*** Dataset
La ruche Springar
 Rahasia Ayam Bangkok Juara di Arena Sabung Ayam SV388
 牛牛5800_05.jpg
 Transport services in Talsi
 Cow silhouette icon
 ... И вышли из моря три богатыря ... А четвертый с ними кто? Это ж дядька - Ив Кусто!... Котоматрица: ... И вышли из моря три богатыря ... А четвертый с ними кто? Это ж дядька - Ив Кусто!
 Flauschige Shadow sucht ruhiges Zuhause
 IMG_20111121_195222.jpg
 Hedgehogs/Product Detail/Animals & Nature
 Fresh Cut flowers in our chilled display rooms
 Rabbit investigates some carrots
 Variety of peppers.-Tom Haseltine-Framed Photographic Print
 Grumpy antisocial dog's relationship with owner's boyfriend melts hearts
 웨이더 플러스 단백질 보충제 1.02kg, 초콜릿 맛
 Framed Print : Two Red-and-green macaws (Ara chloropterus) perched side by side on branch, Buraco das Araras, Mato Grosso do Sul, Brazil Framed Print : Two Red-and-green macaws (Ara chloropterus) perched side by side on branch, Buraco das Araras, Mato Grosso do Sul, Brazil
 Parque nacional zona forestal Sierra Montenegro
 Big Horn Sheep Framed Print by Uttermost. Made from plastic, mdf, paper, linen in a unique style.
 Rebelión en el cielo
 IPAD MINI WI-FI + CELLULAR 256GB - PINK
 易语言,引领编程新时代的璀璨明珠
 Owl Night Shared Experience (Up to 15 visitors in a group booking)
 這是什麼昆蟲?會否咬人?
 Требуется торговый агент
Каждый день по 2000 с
******
Your task >> If a line in the records above holds the string "Framed", copy it.

Output >>
 Variety of peppers.-Tom Haseltine-Framed Photographic Print
 Framed Print : Two Red-and-green macaws (Ara chloropterus) perched side by side on branch, Buraco das Araras, Mato Grosso do Sul, Brazil Framed Print : Two Red-and-green macaws (Ara chloropterus) perched side by side on branch, Buraco das Araras, Mato Grosso do Sul, Brazil
 Big Horn Sheep Framed Print by Uttermost. Made from plastic, mdf, paper, linen in a unique style.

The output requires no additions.